Türk basım sektörünün öncü ve güçlü firması Ertem Basım, tabaka ofset bölümüne yeni bir Heidelberg baskı makinesi ilave etti. Firma, 4 yıldır kullandığı Heidelberg Speedmaster XL 106’sını, yeni bir Speedmaster CD 102 ile değiştirdi.

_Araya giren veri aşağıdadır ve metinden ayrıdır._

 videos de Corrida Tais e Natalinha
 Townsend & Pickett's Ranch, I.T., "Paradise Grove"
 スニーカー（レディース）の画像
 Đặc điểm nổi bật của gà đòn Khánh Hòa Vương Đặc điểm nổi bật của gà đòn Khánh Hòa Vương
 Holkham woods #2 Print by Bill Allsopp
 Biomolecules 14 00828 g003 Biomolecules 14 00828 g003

Kitap baskısında kapasite, kalite ve teknoloji olarak öne çıkan Ertem Basım, son yatırımı ile düz ofset makina parkındaki 70 x 100 makinalarını tek bir formata getirerek, otomasyon ve verimliliğini arttırdı. Firma, üretim parkına kattığı CD 102-5+L makina ile 1 ayda 4.750.000 tabaka baskı yaparak kırılması güç bir rekora da imza attı (5 Temmuz – 5 Ağustos arası).
Heidelberg Türkiye Genel Müdürü Selkut Engin, Lojistik ve Satın Alma Yöneticisi Pelin Hacaloğlu, Bölge Satış Müdürü Yasin Meral ve Ertem Basım’ın sahibi Mustafa Ertem ile 8 Ağustos’ta Ertem Basım tesislerinde yaptığımız röportaj sırasında baskı sayısı 4.997.000 tabakaya ulaşmıştı. Son yıllarda hemen hemen her yıl büyük bütçeli 1 ya da 2 yatırım yapan Ertem Basım’da düz ofset makina parkındaki makinaların tamamı Heidelberg markasını taşıyor.

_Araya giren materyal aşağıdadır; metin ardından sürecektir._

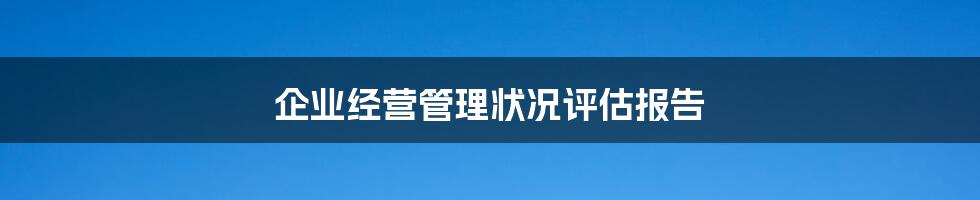 企业经营管理状况评估报告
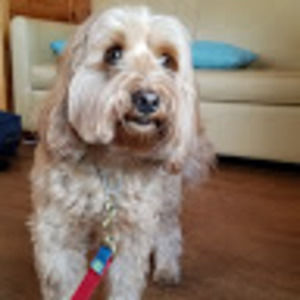 Meet your Posher, Lily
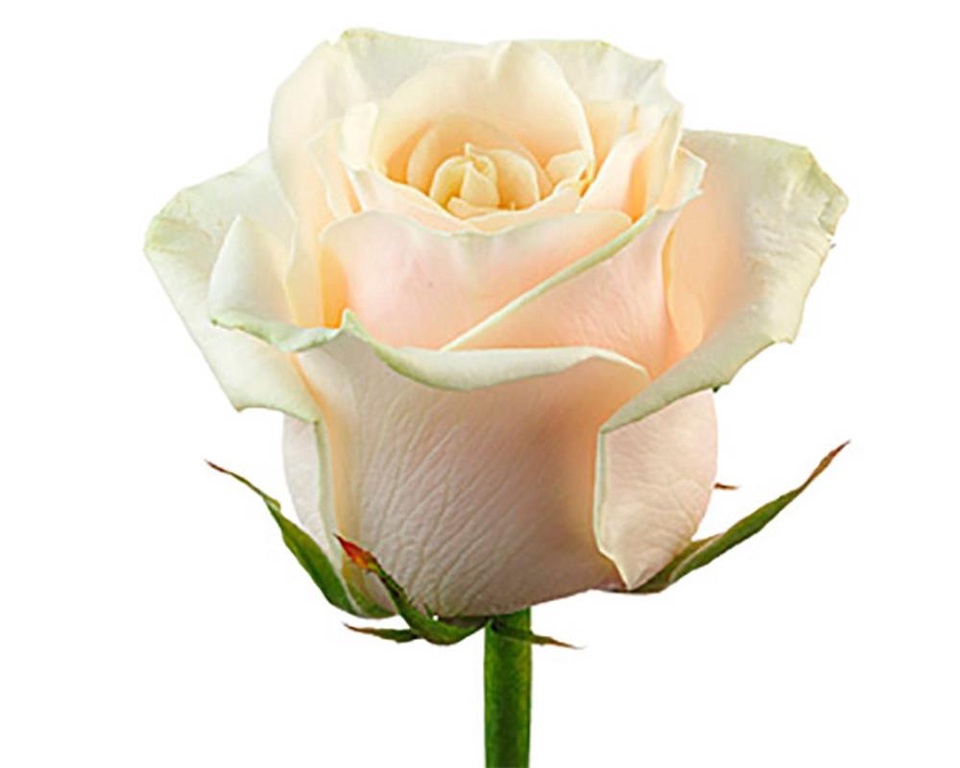 Роза кремовая - 100 ₽, заказать онлайн.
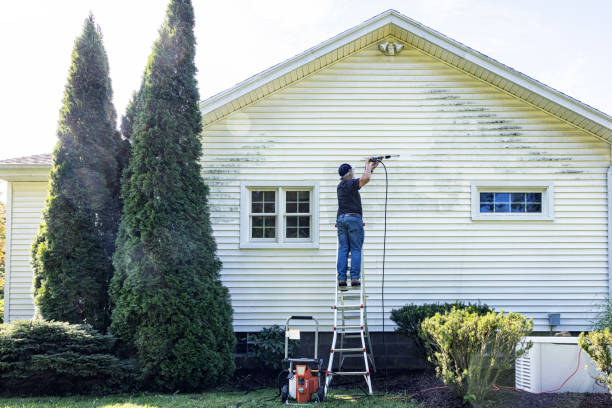 Best Roof Washing  in Dale City, VA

Heidelberg XL 106 ile dört yılda 180 milyon baskı yapıldı
Hem web ofset hem de tabaka ofset makina parkına sahip olan Ertem Basım, 2014 yılında makina parkına kattığı Heidelberg Speedmaster XL 106 ile, dört yıl gibi bir sürede, dünya ortalamasının çok üzerinde, 180 milyon baskı yapmış ve makinayı iki katı kadar verimlilikle kullanmış. Bu kadar verimli kullandığı makinasını değiştirme nedenini Mustafa Ertem şöyle açıklıyor:
“Çok verimli ve yüksek tirajlı makinamız ambalaja yönelik olduğu için kalıp boyutları diğer makinalarımızdan farklıydı. 5 yıl içinde XL 106’yı çok yoğun kullandık ama biz eğitime yönelik bir matbaa olduğumuz için tek tip kalıp kullanmanın bizim verimliliğimiz açısından daha sağlıklı olacağını düşündük. Heidelberg’den gelen çok güzel bir teklifle XL 106-5+L makinamizi CD 102-5+L ile değiştirmiş olduk. Şu anda ofset bölümümüzdeki tüm makinalarımız Heidelberg’in 102 formatında oldu.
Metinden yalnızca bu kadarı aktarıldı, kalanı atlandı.